Disimpegno statunitense
A partire dallo scorso agosto, l’amministrazione Obama ha puntato su un coinvolgimento bellico limitato, incentrato su raid aerei e sull’invio di consulenti militari non direttamente impegnati sui fronti del conflitto.

Questa scelta è in accordo con una strategia generale di progressivo disimpegno statunitense dal Medio Oriente, all’insegna del “leading from behind”. L’iniziativa militare sul terreno viene pertanto lasciata ad attori locali - i peshmerga curdi, l’esercito iracheno e le milizie sciite.

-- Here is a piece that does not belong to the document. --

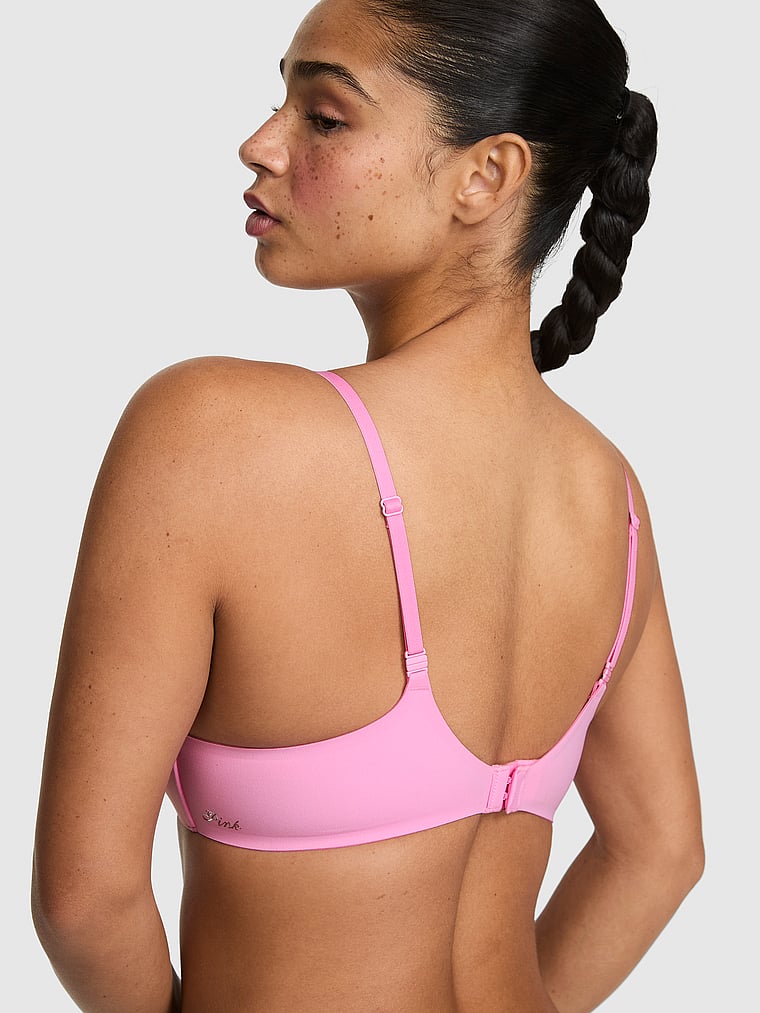 PINK Marshmallow Push-Up Wireless Comfy Bra, Pink Lollipop, onModelBack, 2 of 5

La Casa Bianca sembra aver anche rinunciato a spingere per una riconciliazione nazionale. L’assenza di progressi in questo senso, insieme allo stallo militare, non fanno altro che inasprire le diffidenze esistenti fra le tribù sunnite e il governo.

Il disegno di legge per la creazione di una Guardia Nazionale che permetterebbe ai sunniti di difendere in autonomia i propri territori è tuttora bloccato in parlamento.

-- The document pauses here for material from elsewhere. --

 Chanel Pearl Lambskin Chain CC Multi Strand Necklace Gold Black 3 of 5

La caduta di Ramadi sta poi aggravando una spaccatura all’interno della stessa comunità sunnita, fra coloro che rifiutano l’intervento delle milizie sciite sul proprio territorio e quanti invece lo invocano.

Il disimpegno americano ha anche l’effetto di rendere il premier al-Abadi sempre più ostaggio delle milizie sciite e dell’Iran. L’intervento iraniano è però destinato a esacerbare le tensioni settarie, poiché fomenta le paure dei sunniti. Tali timori determinano a loro volta un aumento del sostegno nei confronti dello “stato islamico”, visto come baluardo contro l’avanzata sciita e iraniana.

Se non sarà spezzato questo circolo vizioso, l’Iraq sprofonderà sempre più nel caos. In ballo non c’è solo il persistere della minaccia rappresentata dal Califfo, ma il rischio sempre più concreto del disfacimento dello stato iracheno.

Roberto Iannuzzi è ricercatore presso l’Unimed (Unione delle Università del Mediterraneo). È autore del libro “Geopolitica del collasso. Iran, Siria e Medio Oriente nel contesto della crisi globale”.